Indeed, according to the audit, the largest cost difference between the Chetzemoka and the Island Home, which WSF purchased the design for, were the changes ordered after construction began. Change orders for the boat — which the state began to build before a design was finalized — amounted to $10 million, compared to just $625,000 in the construction of the Island Home.

Moseley noted that the Chetzemoka’s sister ships, nearly identical and both built after the Chetzemoka, cost significantly less. As a class, the three boats were under budget.

“The second two boats were so substantially lower. That indicates that we payed a premium to get the Chetzemoka into service as quickly as we could,” he said.

Also in the report, the auditor noted that in adjusted 2011 dollars, the six WSF ferries built in the last 20 years are among the more expensive in the United States. Among 39 ferries built in the country since 1991, the 202-car Jumbo Mark II ferries, also some of the largest in the country, topped the list of most expensive boats. The 64-car Kwa-di Tabil ferries — the Chetzemoka and its two sister ships — were also high on the list, ranking sixth, 11th and 12th most expensive.

While the auditor identified a few practices the state could improve to bring down ferry construction expenses, such as completing vessel designs before construction begins, it largely attributed the high ferry costs to strict state regulations. State law requires that ferries be built in Washington, preventing more competitive bids by out-of-state builders, the audit report says. In addition, a law requiring that ferry-building shipyards have a specific apprenticeship program in place prevents some local shipyards from bidding.

In the case of the Chetzemoka, just one shipyard bid on the construction, and it won the project despite bidding higher than the state expected to pay. The same shipyard also built the Jumbo Mark II vessels and is currently constructing two new 144-car boats.

The audit report recommended that state lawmakers enact legislation to encourage greater competition among shipyards, perhaps opening projects to out-of-state builders when in-state bids come in high. It also recommended that the state reexamine the apprenticeship program requirement for shipyards, making it possible for more companies to participate.

The ferry audit will likely be a topic of conversation this legislative session, said Rep. Joe Fitzgibbon (D-Burien). Fitzgibbon, who serves on the Joint Transportation Committee and is part of the ferry caucus, said he thought lawmakers would be open to making changes to the apprenticeship program but likely wouldn’t lift the requirement that ferries be built in the state. Ferry construction, he said, brings countless jobs to the state and boosts the local economy.

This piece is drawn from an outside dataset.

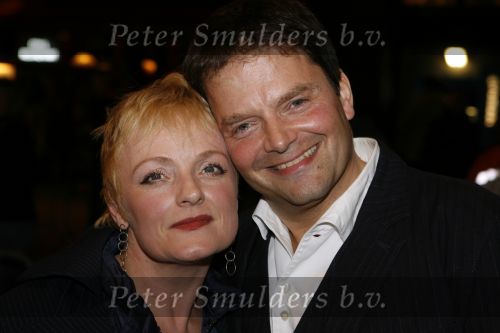 AMSTERDAM 5 maart 2007
Premiere Voebalvrouwen, nieuwe serie Talpa, in Tuschinski. Viktor Low met vrouw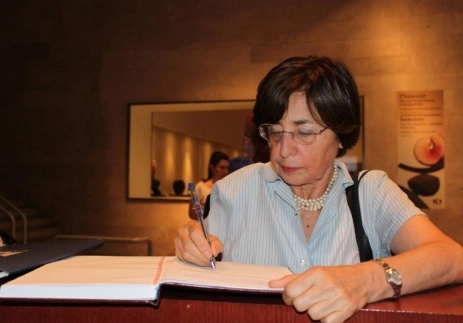 The Head of the Educational and Cultural Committee of the International Council of Museums (ICOM/CECA) Mrs. Emma Nardi visited the Cafesjian Center for the Arts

“I think we get a large economic benefit from building here in Washington state, and I don’t think we want to have all those jobs go out of state,” he said.

As for the Chetzemoka, Fitzgibbon said he understood the ferry’s short construction timeline drove up costs, but he thought the state, which is always looking for ways to save, learned a lot from the project.

“I think there were a number of issues with the Chetzemoka that we don’t want to repeat,” he said.